▸ WHAT THIS TASK INVOLVES
Print the data that follows word for word, leaving out any picture.

▸ STORED DATA
◆ ◆ ◆ ◆ ◆ ◆ ◆

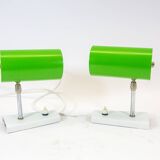 Midcentury table lamp | Also as wall mount | Vintage 60's design | SET OF 2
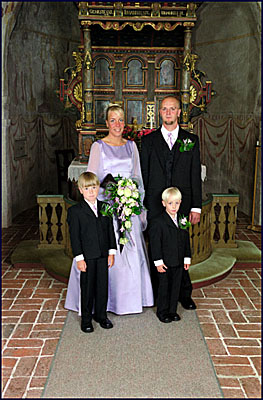 Bröllopsfoto © Eric Hammerin www.ericsfoto.com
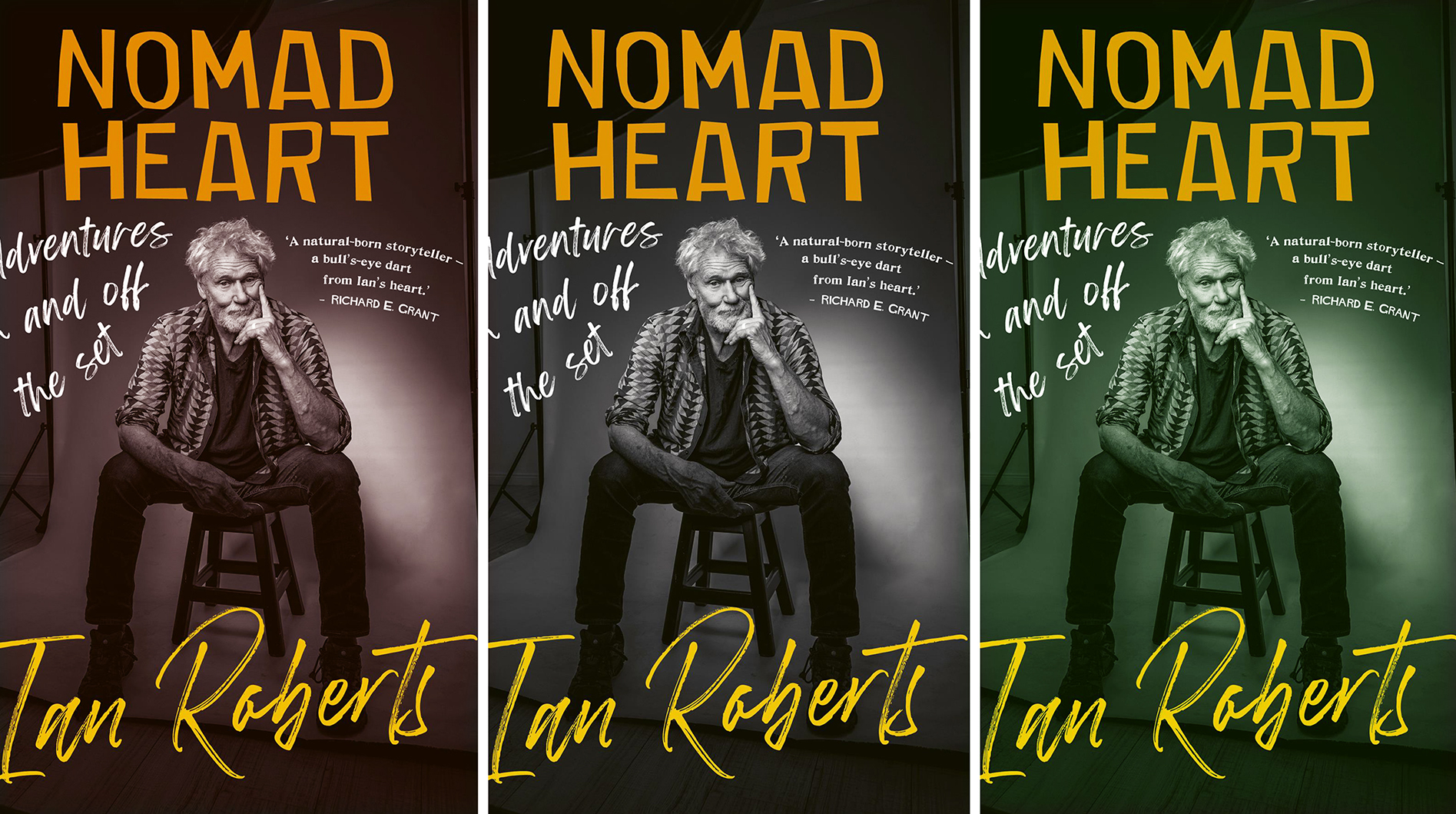 A pint of the best, Boet, as Ian Roberts tells (not quite) all in Nomad Heart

◆ ◆ ◆ ◆ ◆ ◆ ◆

▸ EXERCISE RESULT
 Midcentury table lamp | Also as wall mount | Vintage 60's design | SET OF 2
 Bröllopsfoto © Eric Hammerin www.ericsfoto.com
 A pint of the best, Boet, as Ian Roberts tells (not quite) all in Nomad Heart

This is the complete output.